La fin de l'année est proche et de nombreuses constructions de MMB s'achèvent. Adeline et moi avons eu la chance d'assister à deux nouvelles inaugurations très différentes. Récit d'un bond de centaines de kilomètres entre les montagnes du département de Potosí, et la jungle du Chapare.

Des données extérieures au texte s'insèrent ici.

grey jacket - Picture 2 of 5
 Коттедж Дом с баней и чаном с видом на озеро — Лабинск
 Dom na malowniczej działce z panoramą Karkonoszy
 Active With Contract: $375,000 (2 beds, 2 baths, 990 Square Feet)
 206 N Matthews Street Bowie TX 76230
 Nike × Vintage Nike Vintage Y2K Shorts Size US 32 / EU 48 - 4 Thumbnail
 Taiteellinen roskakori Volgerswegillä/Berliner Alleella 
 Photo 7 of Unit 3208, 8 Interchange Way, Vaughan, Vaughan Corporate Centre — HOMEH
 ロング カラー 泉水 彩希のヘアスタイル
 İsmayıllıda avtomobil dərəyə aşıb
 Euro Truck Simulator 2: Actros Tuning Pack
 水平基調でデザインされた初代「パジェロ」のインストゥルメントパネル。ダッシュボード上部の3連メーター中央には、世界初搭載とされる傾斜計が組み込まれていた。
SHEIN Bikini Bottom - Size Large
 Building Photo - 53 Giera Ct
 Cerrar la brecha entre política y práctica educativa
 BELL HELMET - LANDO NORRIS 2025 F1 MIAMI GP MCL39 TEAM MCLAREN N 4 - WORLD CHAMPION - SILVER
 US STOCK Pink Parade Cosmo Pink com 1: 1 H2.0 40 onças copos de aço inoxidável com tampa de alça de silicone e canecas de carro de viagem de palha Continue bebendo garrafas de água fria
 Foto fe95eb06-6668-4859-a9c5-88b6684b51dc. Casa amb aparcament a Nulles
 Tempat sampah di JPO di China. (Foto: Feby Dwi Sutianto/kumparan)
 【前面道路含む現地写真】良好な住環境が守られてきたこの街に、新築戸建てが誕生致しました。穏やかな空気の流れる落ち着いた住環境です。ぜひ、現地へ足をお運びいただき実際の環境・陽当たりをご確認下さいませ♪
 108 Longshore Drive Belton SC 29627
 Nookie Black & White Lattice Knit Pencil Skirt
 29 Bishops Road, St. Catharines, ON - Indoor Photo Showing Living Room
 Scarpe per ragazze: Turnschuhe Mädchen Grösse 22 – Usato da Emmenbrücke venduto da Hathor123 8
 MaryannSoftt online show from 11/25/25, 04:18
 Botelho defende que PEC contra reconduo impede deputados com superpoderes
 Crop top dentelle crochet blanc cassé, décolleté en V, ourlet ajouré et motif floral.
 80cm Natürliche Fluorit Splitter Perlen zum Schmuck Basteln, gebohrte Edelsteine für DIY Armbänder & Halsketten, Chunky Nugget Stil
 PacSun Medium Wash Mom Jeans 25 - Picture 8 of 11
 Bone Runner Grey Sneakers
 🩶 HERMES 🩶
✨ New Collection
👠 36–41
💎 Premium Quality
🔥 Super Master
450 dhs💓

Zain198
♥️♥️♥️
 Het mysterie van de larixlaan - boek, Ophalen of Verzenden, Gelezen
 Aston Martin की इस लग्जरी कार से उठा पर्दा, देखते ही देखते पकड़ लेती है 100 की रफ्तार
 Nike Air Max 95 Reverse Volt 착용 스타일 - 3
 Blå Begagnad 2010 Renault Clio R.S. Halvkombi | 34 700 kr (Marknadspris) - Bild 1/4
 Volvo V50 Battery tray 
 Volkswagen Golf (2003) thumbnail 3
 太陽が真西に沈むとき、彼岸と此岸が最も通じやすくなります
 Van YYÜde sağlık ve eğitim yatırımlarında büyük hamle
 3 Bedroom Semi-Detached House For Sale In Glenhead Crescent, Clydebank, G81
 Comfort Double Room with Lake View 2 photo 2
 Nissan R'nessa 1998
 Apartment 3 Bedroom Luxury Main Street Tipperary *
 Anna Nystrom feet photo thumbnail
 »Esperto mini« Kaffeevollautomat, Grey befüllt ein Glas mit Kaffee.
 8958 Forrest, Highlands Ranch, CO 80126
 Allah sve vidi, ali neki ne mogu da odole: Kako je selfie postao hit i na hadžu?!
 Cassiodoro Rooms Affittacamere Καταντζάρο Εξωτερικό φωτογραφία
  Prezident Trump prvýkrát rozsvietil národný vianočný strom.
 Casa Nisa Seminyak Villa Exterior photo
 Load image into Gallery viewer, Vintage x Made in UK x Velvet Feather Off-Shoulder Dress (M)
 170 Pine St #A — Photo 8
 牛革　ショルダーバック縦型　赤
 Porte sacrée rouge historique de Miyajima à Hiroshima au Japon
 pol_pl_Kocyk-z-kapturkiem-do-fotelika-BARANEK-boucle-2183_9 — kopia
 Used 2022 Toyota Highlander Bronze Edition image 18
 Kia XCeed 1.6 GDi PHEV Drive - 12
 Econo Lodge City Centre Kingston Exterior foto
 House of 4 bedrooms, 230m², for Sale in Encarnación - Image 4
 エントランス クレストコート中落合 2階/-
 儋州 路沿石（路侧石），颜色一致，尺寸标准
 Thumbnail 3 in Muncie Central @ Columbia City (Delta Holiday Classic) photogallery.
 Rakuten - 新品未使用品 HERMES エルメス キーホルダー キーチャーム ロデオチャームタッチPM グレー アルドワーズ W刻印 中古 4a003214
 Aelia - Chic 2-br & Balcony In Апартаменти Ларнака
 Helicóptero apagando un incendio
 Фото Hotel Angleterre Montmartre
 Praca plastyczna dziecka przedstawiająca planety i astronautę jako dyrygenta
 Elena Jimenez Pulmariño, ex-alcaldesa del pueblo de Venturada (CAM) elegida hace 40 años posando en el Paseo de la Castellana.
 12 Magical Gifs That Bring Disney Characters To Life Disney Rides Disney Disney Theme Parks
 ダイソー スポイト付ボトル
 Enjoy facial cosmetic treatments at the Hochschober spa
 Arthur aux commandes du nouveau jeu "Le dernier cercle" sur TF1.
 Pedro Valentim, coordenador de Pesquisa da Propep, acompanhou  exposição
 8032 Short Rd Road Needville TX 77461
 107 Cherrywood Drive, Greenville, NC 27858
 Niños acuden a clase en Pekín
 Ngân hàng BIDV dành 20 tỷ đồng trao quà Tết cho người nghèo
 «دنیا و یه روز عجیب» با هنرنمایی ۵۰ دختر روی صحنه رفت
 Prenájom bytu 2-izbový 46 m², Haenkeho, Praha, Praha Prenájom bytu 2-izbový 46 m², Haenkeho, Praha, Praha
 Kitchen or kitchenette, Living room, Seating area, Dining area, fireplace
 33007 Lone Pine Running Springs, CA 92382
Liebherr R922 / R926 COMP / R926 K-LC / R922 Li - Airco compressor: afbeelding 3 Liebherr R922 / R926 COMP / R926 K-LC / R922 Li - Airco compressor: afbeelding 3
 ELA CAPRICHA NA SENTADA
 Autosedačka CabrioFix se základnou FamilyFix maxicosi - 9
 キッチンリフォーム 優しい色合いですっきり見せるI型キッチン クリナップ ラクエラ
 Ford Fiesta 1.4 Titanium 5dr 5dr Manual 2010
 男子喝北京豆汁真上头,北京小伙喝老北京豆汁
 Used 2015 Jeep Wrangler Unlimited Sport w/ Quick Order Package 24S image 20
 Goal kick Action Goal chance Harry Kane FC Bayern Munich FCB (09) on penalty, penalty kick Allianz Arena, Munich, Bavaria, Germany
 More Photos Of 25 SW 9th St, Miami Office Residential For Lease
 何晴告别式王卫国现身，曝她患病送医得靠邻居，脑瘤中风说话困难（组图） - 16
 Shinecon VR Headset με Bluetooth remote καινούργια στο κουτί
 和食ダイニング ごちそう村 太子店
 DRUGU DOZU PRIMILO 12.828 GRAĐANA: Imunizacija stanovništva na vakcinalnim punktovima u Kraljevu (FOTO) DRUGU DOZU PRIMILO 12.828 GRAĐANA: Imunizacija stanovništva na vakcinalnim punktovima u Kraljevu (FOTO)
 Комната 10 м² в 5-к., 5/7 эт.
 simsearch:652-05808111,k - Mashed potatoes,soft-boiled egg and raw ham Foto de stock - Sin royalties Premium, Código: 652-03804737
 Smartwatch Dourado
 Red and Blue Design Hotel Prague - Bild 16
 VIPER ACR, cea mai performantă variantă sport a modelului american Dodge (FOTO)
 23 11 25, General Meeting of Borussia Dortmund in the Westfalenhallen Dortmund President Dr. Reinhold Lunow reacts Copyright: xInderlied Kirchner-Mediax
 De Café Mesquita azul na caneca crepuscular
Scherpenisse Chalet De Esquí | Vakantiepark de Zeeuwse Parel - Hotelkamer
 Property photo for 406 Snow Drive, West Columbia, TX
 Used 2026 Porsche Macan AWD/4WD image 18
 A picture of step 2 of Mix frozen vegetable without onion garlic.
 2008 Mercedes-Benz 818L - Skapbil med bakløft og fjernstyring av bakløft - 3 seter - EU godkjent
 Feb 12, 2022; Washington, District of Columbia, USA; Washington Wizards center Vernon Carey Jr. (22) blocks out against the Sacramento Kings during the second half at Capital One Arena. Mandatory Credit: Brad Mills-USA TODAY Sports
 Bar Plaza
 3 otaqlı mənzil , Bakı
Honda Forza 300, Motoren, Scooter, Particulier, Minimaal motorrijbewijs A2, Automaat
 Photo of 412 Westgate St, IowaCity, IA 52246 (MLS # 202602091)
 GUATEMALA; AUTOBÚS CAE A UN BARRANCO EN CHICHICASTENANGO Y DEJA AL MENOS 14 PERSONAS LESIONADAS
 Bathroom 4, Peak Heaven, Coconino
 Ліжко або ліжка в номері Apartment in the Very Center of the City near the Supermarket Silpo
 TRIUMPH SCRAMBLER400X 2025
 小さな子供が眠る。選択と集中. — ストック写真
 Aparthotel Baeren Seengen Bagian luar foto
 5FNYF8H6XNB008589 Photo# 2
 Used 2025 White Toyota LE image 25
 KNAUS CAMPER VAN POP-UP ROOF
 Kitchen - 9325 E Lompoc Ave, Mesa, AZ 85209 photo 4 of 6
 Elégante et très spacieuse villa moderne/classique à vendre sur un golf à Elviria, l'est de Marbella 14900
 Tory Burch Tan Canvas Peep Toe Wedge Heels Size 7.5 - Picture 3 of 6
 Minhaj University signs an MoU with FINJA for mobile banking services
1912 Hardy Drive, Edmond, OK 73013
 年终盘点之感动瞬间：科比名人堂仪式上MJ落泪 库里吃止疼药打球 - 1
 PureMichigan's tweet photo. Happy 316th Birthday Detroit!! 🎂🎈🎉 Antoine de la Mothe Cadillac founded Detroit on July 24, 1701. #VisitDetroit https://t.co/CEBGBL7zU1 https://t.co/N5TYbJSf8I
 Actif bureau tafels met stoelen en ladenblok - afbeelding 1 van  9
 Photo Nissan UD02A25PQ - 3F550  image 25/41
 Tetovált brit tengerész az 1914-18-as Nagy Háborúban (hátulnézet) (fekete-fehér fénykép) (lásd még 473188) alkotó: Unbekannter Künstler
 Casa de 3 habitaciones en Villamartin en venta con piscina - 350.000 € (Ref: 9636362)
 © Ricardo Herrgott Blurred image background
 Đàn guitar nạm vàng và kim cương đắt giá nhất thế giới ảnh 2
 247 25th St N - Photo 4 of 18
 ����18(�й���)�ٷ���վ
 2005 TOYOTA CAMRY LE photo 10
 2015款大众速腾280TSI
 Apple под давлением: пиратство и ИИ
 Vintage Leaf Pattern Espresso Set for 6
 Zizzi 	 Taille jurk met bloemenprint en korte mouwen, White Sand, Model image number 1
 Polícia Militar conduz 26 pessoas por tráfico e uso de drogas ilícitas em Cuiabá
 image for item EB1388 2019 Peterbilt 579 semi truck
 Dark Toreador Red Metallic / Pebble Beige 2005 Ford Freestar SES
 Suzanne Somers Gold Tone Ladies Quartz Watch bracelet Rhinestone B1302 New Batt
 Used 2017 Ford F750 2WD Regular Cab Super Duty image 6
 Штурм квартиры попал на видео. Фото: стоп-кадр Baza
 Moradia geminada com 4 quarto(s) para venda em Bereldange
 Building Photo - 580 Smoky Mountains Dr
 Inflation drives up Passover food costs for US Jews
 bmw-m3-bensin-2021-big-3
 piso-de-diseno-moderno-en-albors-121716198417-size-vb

Nous sommes le mercredi 28 novembre. Il est 4h du matin lorsque nous quittons Cochabamba pour Villque, petite communauté perdue au milieu des montagnes de la région de Potosí. Adeline et moi y étions allées fin octobre, pour une inspection du centre de santé en construction. Cette fois-ci, nous avons le plaisir d'assister à son inauguration. Le chemin pour s'y rendre est toujours aussi rude, et même pire. Avec les pluies qui ont commencé à tomber, des cailloux ont envahi le chemin et le niveau de la rivière qu'il nous faut traverser a augmenté. L'inauguration est prévue à 10h. Mais du fait d'un imprévu du maire, elle est avancée à 9h. Ce n'est pas grave en soi mais j'ai peur que la communauté dans son ensemble ne puisse se déplacer et que nous ne puissions pas partager ce moment avec eux... Dès notre arrivée, nous aidons à nettoyer et installer le centre. Quand l'heure de l'inauguration sonne, très peu de gens sont présents, mais par chance, les enfants de l'école ont pu se déplacer. Cette fois encore, nous allons partager des moments inoubliables avec eux. Ce n'est jamais simple au début. Nous nous asseyons près d'eux, prenons des photos et les leur montrons. Chaque fois, leur regard s'illumine lorsqu'ils se voient sur les écrans de nos appareils (qui les intriguent énormément). C'est à partir de là que nous pouvons commencer à discuter. Cette fois-ci c'est un peu plus compliqué parce que beaucoup comprennent mieux le quechua que l'espagnol. Mais ce n'est pas un obstacle suffisant pour nous.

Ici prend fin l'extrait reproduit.